ニコンは、社名に付いていた「日本光学」を略した「Nikko」に基づいて命名された。ニコンを最初に冠した製品がニコンI型で、名前が定着したのに伴って社名も1988年4月にニコンに変えた。
▽移転して大幅拡充
ニコンミュージアムはもともと、東京都港区の旧本社内に2015年10月に開設された。本社移転に伴って24年2月末に一時休館し、旧大井製作所の跡地に建てられた現在の本社への移転に伴って再開した。
展示点数を旧ミュージアムより約3割増やし、総面積も約3割広い約670平方メートルとなった。コンセプトを「『伝統と革新』の歴史をエピソードとともに」とし、入り口の近くにある「インダストリー」のコーナーには半導体・FPD露光装置や天体望遠鏡、ヘルスケア製品などを紹介している。
▽歴代のカメラとレンズ
圧巻なのは歴代のカメラやレンズ、双眼鏡といった民生用製品をガラスケース内にずらっと並べた「コンシューマー」のコーナーだ。展示されている1980年に売り出された一眼レフカメラ「ニコンF3」をデザインしたのは、ドイツのフォルクスワーゲン(VW)の主力車「ゴルフ」の初代型なども手がけた工業デザイナーの巨匠のジョルジェット・ジウジアーロ氏だ。

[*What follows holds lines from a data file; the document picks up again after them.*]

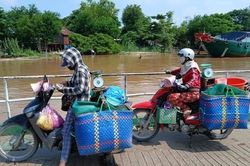 Miền Tây đón lũ đẹp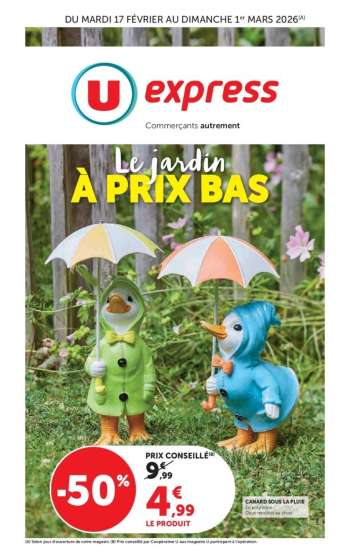 Catalogue U express - 17/02/2026 - 01/03/2026.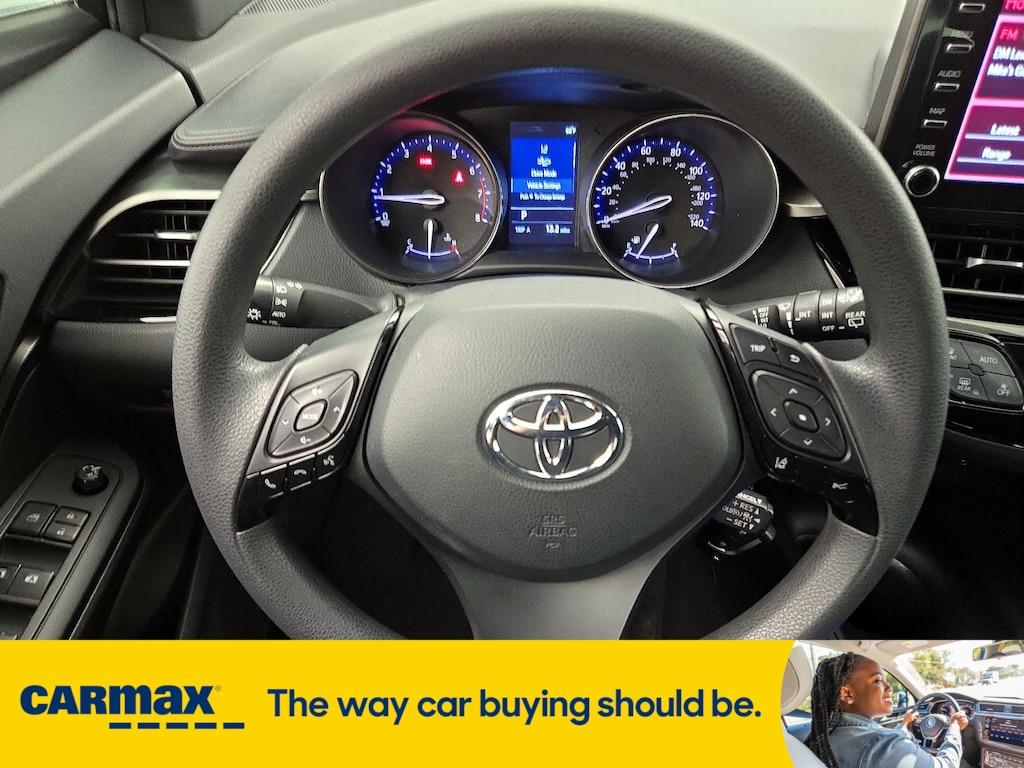 used 2019 Toyota C-HR car, priced at $17,998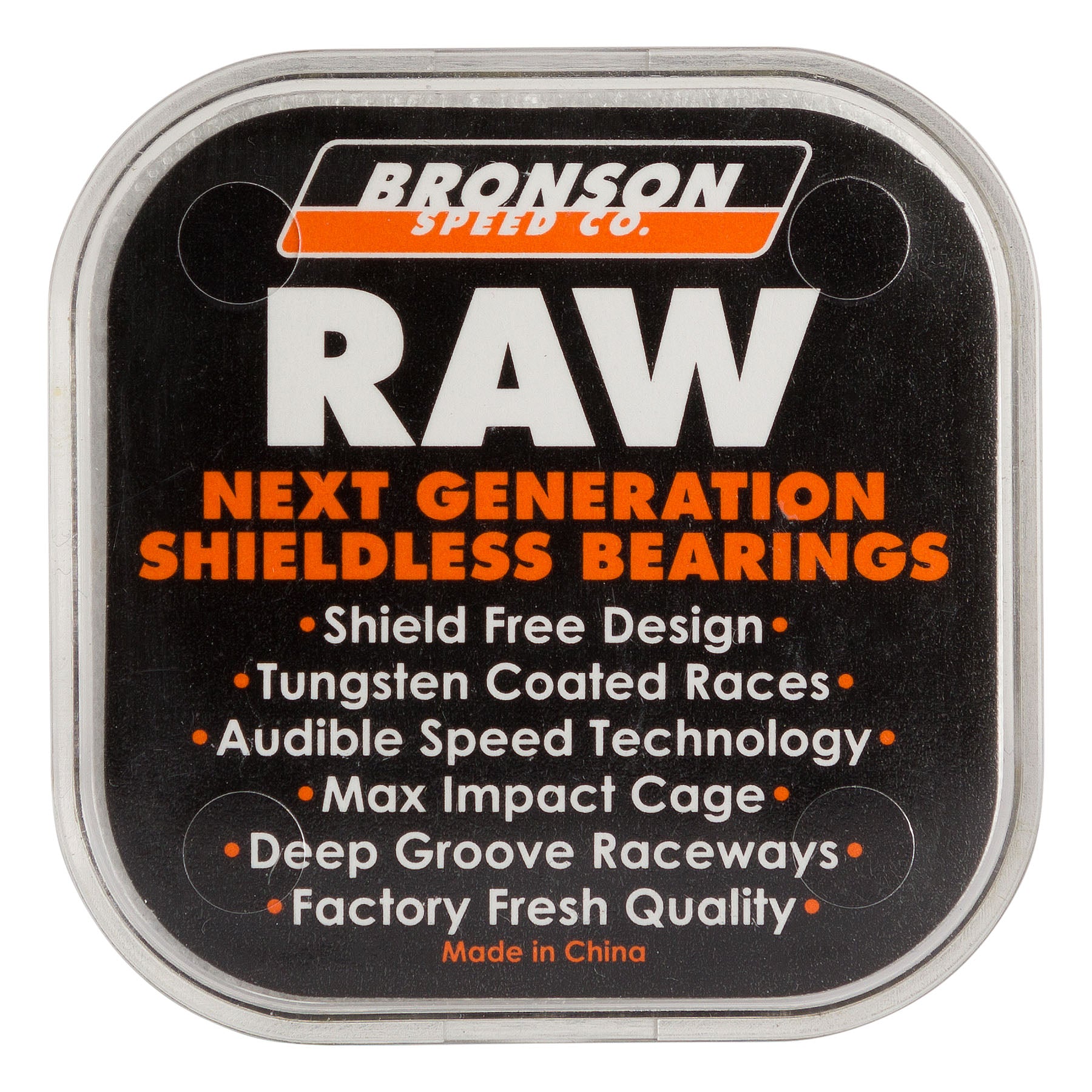 Bronson Speed Co - RAW (pack of 8)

付属品と捉えられていたフィルムを巻き上げるためのモータードライブをF3は一体化し、最高で毎秒6コマを撮影できるようにしたのが画期的だった。電子制御式シャッターと絞り優先自動露出機構も初めて用いるなど、当時の最先端技術をふんだんに採り入れた。
▽ニコンを離脱した原因も
ガラスケース内にはニコンが2011年に初めて導入したミラーレス一眼デジタルカメラ「ニコン1」もあり、これは私がニコン製品から離脱した原因だ。反射鏡などを省いて軽量化したミラーレスに切り替えるため2011年に各社の製品を検討した際、ニコン1はカメラのレンズ部分から取り込んだ光を電気信号に変換する半導体「イメージセンサー」が「1型」と呼ばれる小型センサーだったのが不満だった。このため別の日本メーカーのミラーレスに乗り換え、そのメーカーの製品を持ち続けてきた。
しかし、現在はニコンもより大きなサイズのセンサーであるフルサイズやAPS-Cを採用した「Zシリーズ」を販売している。中でもフィルム式一眼レフカメラ「ニコンFM2」のデザインに似せたフルサイズの「Zf」、APS-Cの「Zfc」はともに美しい外観で、性能も優れている。品川区民になったこともあり、いずれは地元企業の製品に回帰するかもしれない。
ニコンの德成旨亮社長は開館記念式典で「旧本社のニコンミュージアムには世界中から延べ19万人のカメラファンが訪れた」と紹介し、新本社に誕生したニコンミュージアムを通じて「世界中からお越しいただけるインバウンド(訪日客)の起爆点になり、企業市民の一員として地域社会に貢献し、子どもたちに科学する心や自然に対する畏敬の念を発信できればいい」と意気込んだ。
品川区の森澤恭子区長はニコンミュージアムが「多くのニコンファンの皆さんとともに地域の区民の皆さんが多く訪れて、そして愛される施設となることを心から願っている」と期待を込めた。
【ニコンミュージアム】2024年7月に完成したニコン本社の1階にある企業ミュージアムで、住所は〒140―8601東京都品川区西大井1ノ5ノ20。開館時間は午前10時~午後5時半で、休館日は月曜日、日曜日、祝日など。入場は無料。最寄り駅はJR東日本横須賀線の西大井駅で、徒歩約4分。